The Problems with the Servant Leader Perspective
The images below represent a definition of "Servant Leadership" that is diametrically opposed to the Vertical Development approach to Leadership because the over-reliance and emphasis on emotion is evidence of a millennial influence that assumes emotions are useful.
That is to say: emotions are assumed to be important. However, they are not as important as people assume. What IS important is one's capacity and capability to choose if they use or ignore an emotional context. The position of the Leader to be capable of choosing their construction of self far outweighs the limited view in the first image below.
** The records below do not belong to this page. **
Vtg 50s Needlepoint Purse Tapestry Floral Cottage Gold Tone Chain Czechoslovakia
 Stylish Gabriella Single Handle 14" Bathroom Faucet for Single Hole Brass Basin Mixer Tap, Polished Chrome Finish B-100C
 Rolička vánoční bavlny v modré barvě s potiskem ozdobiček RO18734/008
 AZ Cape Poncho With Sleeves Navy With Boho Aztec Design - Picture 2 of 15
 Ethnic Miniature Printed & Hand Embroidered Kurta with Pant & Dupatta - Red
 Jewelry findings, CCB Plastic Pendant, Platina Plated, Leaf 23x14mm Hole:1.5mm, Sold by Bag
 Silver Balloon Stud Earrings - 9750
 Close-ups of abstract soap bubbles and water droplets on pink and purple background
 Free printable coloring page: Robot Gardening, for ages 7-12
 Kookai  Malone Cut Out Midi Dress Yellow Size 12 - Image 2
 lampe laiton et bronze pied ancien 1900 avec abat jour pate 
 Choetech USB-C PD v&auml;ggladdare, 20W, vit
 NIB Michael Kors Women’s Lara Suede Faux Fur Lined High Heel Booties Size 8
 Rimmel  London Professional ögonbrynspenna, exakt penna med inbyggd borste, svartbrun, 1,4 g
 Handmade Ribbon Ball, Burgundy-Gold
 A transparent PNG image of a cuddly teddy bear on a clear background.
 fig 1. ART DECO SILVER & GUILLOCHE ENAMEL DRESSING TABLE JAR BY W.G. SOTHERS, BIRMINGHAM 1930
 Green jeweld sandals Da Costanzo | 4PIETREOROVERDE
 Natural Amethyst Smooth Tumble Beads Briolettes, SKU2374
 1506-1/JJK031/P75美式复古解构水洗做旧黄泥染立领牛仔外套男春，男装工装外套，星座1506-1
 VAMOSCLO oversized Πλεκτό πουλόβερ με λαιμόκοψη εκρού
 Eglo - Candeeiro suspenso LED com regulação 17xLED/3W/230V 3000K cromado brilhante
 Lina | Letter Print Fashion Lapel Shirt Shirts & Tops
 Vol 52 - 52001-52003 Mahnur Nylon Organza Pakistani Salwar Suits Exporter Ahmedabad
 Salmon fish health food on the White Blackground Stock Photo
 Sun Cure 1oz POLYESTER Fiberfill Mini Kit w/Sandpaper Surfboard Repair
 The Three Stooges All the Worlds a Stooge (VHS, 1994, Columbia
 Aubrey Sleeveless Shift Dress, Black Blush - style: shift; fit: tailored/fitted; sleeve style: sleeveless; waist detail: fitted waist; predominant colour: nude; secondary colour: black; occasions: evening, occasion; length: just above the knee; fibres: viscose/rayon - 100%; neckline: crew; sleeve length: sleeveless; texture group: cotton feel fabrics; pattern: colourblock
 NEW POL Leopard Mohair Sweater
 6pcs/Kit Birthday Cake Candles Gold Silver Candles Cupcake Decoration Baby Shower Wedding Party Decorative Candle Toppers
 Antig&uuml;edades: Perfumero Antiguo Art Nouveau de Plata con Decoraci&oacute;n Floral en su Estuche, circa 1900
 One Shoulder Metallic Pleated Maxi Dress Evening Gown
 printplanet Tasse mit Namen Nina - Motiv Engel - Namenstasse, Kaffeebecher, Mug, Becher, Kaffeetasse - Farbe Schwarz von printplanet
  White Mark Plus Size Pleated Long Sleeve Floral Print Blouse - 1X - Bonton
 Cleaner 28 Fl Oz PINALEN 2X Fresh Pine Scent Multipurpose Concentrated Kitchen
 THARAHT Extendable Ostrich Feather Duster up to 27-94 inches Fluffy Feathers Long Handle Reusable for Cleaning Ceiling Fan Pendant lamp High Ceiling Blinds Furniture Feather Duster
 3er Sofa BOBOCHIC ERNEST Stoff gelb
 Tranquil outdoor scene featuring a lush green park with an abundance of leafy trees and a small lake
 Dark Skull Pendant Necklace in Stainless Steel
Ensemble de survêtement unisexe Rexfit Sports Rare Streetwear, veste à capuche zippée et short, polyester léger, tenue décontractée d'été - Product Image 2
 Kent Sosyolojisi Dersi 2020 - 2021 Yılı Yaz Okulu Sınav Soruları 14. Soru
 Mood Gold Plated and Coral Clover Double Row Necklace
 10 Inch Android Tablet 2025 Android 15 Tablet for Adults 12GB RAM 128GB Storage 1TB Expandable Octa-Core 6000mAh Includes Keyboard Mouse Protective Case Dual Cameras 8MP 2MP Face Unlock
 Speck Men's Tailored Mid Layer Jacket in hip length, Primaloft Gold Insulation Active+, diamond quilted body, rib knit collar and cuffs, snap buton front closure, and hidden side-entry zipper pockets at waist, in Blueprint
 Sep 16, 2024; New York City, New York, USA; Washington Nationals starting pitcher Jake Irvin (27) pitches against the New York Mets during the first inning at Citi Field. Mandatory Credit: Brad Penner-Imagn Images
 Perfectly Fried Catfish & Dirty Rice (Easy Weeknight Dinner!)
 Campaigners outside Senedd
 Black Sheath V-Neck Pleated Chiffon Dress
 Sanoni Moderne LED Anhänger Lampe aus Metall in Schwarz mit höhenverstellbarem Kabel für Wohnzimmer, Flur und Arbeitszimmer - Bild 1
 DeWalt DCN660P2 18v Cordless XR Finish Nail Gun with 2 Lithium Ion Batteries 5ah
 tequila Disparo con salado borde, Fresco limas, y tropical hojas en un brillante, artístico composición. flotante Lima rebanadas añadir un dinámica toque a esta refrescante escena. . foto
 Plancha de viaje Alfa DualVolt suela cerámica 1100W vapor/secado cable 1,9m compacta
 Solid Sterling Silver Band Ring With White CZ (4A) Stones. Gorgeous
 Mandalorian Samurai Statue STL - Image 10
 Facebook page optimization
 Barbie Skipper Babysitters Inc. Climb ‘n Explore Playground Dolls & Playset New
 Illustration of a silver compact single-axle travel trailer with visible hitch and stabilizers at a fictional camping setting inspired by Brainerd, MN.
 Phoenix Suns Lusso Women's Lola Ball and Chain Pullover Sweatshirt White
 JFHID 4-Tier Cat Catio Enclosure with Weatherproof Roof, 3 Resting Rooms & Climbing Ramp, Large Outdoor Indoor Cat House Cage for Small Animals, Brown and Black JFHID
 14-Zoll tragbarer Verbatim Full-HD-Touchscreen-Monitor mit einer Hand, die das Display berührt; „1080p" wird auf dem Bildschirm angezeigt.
Further to this, there are a lot of assumptions made by the researchers in the first image that demonstrate they have never heard of adult development, and as such, simply get things wrong. An example of how ill-conceived their position is can be seen in the paragraph below, taken from Stevens' 2020 thesis on Constructed Development Theory. In his research, he demonstrated that individuals are simply not as self-aware as they think they are, and this is represented in the grids below the first graphic that explains how Stevens thinks about "Servant Leader" as a framework.
Nelson, Kruglanski & Jost (1998) and Huntsinger & Clore (2012) demonstrate in their review of metacognition that the various sources of information made available when one tries to assess their self-knowledge and knowledge of others only really provides the ‘raw materials’ which then require interpretation in light of other implicit theories. This strongly contradicts the notion that we are in control of our thinking and behaving. It also emphasises that what we think we know is a result of a complex construction process (Lories, Dardenne & Yzerbyt, 1998).